Die Bundesverfassung der Schweizerischen Eidgenossenschaft wird wie folgt geändert:

Art. 10a Verbot der Verhüllung des eigenen Gesichts

1 Niemand darf sein Gesicht im öffentlichen Raum und an Orten verhüllen, die öffentlich zugänglich sind oder an denen grundsätzlich von jedermann beanspruchbare Dienstleistungen angeboten werden; das Verbot gilt nicht für Sakralstätten.

2 Niemand darf eine Person zwingen, ihr Gesicht aufgrund ihres Geschlechts zu verhüllen.

3 Das Gesetz sieht Ausnahmen vor. Diese umfassen ausschliesslich Gründe der Gesundheit, der Sicherheit, der klimatischen Bedingungen und des einheimischen Brauchtums.

Art. 197 Ziff.12 Übergangsbestimmung zu Art. 10a (Verbot der Verhüllung des eigenen Gesichts)

Die Ausführungsgesetzgebung zu Artikel 10a ist innert zweier Jahre nach dessen Annahme durch Volk und Stände zu erarbeiten.[2]

Initiativkomitee

Das Initiativkomitee gemäss Art. 68 Abs. 1 Bst. e BPR besteht aus 27 Mitgliedern, grossenteils Mitgliedern der Schweizerischen Volkspartei (SVP).[3]

Hinter der Volksinitiative steht weiter eine überparteiliche Trägerschaft aus Mitgliedern der SVP, der EDU und der FDP sowie Parteilosen; das Co-Präsidium entspricht den Vorstandsmitgliedern des Egerkinger Komitees[4] im Jahre 2016: Walter Wobmann, Ulrich Schlüer, Roland Haldimann, Patrick Freudiger, Daniel Zingg.[5]

Argumente des Initiativkomitees

Das Initiativkomitee geht davon aus, dass in aufgeklärten Staaten wie der Schweiz gelte: «Freie Menschen – Frauen und Männer – blicken einander ins Gesicht, wenn sie miteinander sprechen.» Dass das auch für Frauen gelte, sei «ein Gebot elementarer Gleichberechtigung.» Durch die Initiative entstehe «kein Konflikt mit Religions- und Meinungsfreiheit», ein «Grossteil der Muslime» lehne die Ganzkörperverhüllung ebenfalls ab.
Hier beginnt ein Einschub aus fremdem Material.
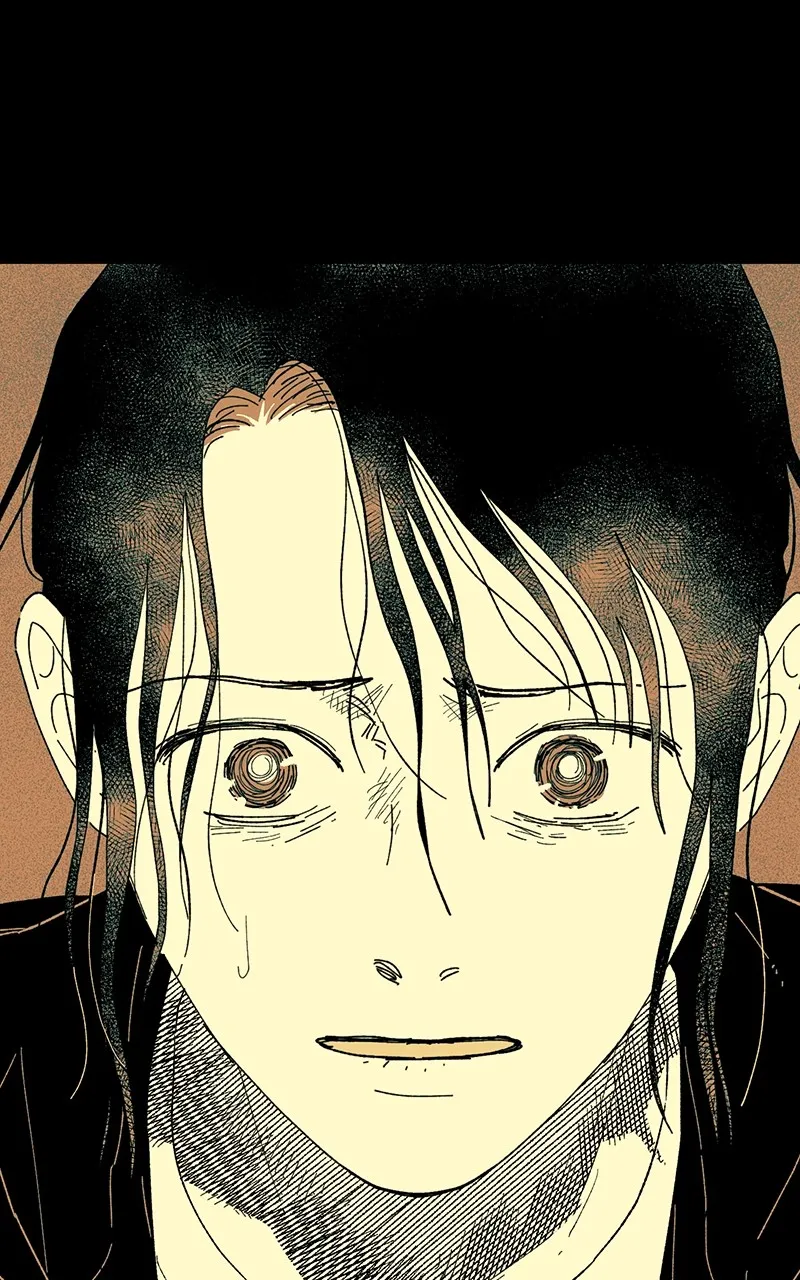Ark of the Law Chapter 21 page 23 - 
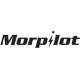 Morpilot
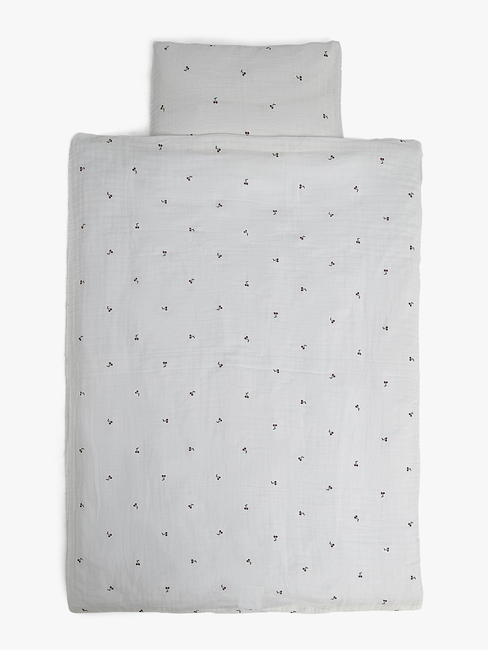 COT-bedset-01-4477_2.jpg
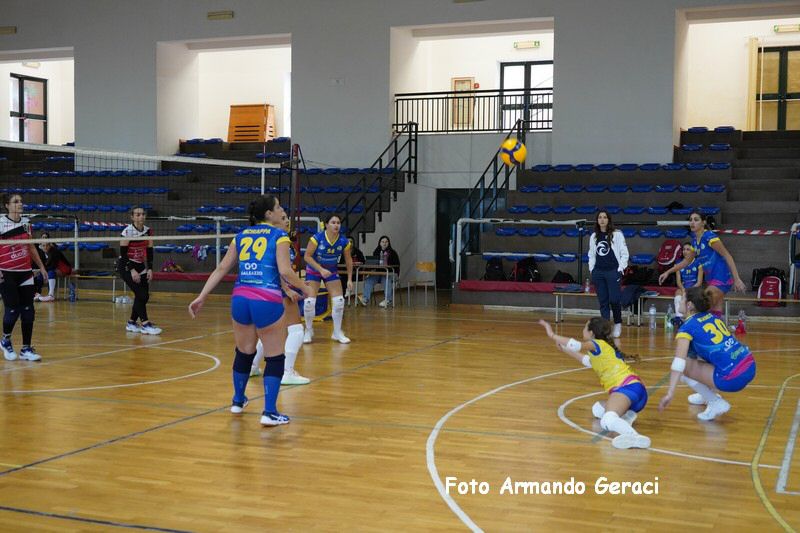 241215_CefaluVolley_PVGialla_1DF_139.jpg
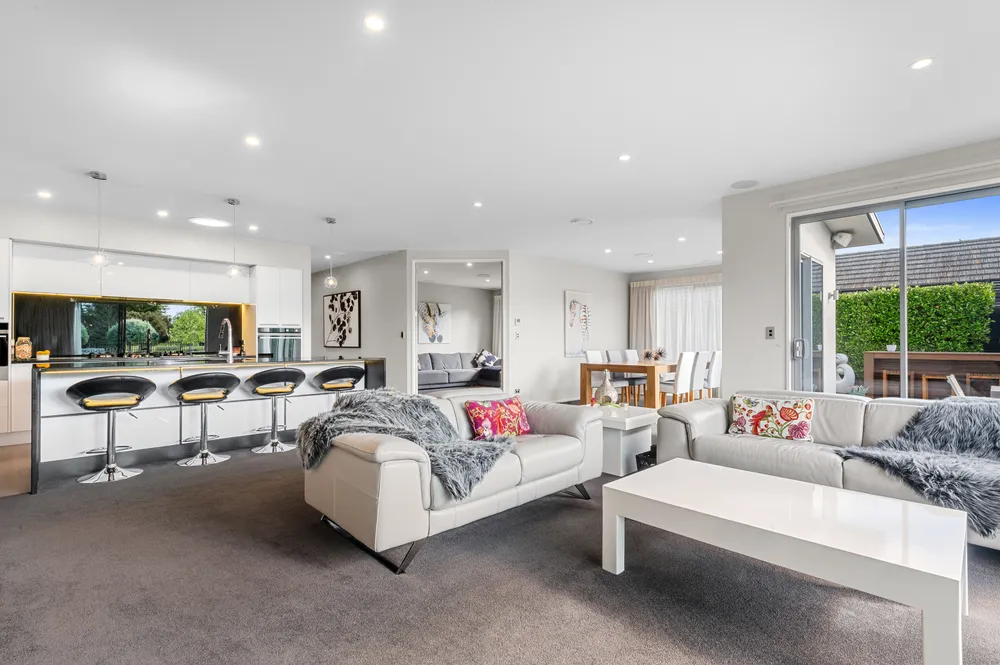 Photos of 5 Karere Avenue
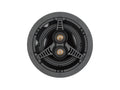 C165-T2 Monitor Audio Atmos In-Ceiling Speaker
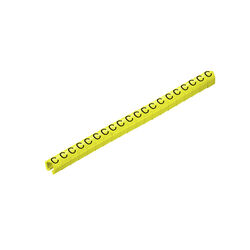 CLI O 20 / 1,5 - 3,0 mm&sup2;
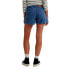 Levi´s ® 80S Mom Patch Pocket denim shorts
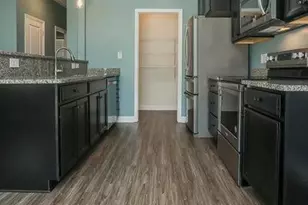 223 Holly Grove Ct E, Jacksonville, NC 28540 - Photo 12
Die Initiative richte sich «auch gegen jene Verhüllung, der kriminelle oder zerstörerische Motive zugrunde liegen.» Die Sicherheitsorgane erhielten «den Auftrag, gegen vermummte Straftäter konsequent vorzugehen».[6]

Behandlung der Initiative

Vorgeschichte

Im schweizerischen Parlament, der aus Nationalrat und Ständerat bestehenden Bundesversammlung, wurden verschiedene Vorstösse für ein Verhüllungsverbot abgelehnt: im Jahre 2012 eine Standesinitiative des Kantons Aargau,[7] im Jahre 2013 eine Motion von Nationalrat Hans Fehr (SVP)[8] und im Jahre 2017 eine parlamentarische Initiative von Nationalrat Walter Wobmann (SVP).[9]

Der Kanton Tessin stimmte an einer Volksabstimmung am 22. September 2013 für die Verankerung eines Gesichtsverhüllungsverbots in der Kantonsverfassung. Das Ausführungsgesetz wurde am 23. November 2015 vom Kantonsparlament verabschiedet und trat am 1. Juli 2016 in Kraft.[10]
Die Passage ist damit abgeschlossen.